* The problem *
Reproduce every line of the material below exactly. No pictures belong in the copy.

* Dataset content *
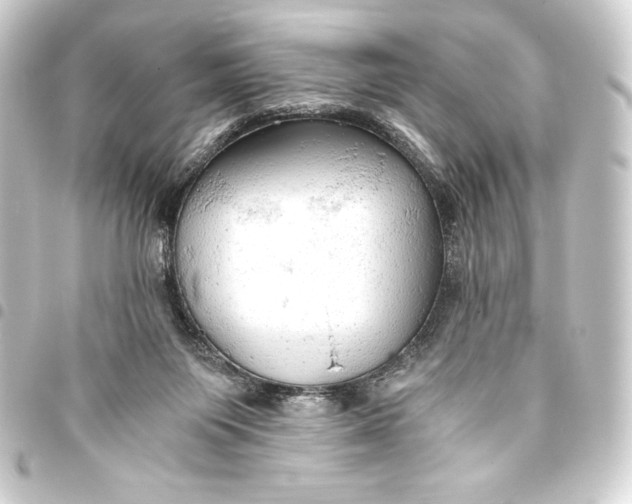 X0000093410119200711021003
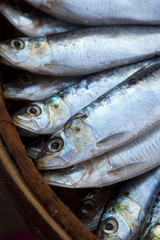 Fresh salt water Sardines stacked on top of each other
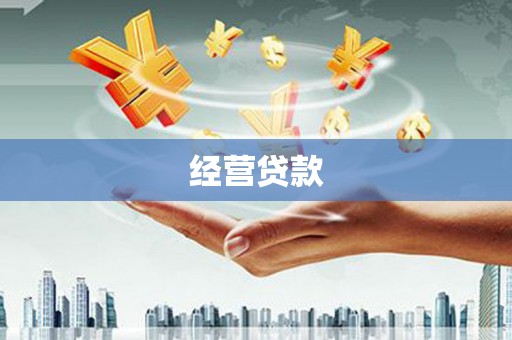 贞丰经营贷款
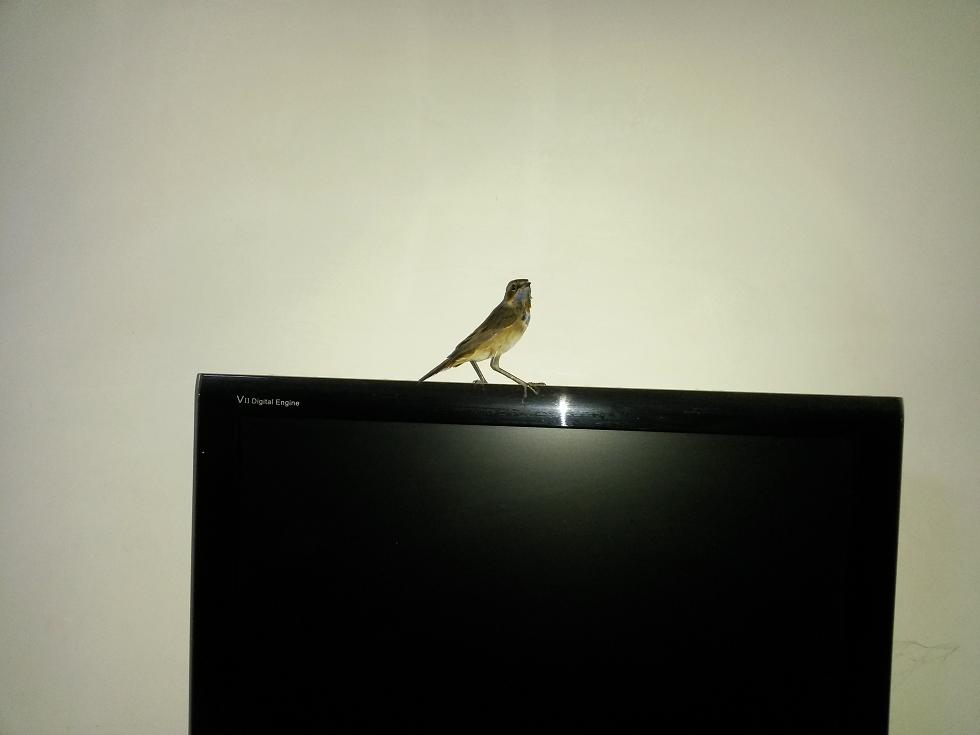 20140902_211346.JPG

* Task solution *
 X0000093410119200711021003
 Fresh salt water Sardines stacked on top of each other
 贞丰经营贷款
 20140902_211346.JPG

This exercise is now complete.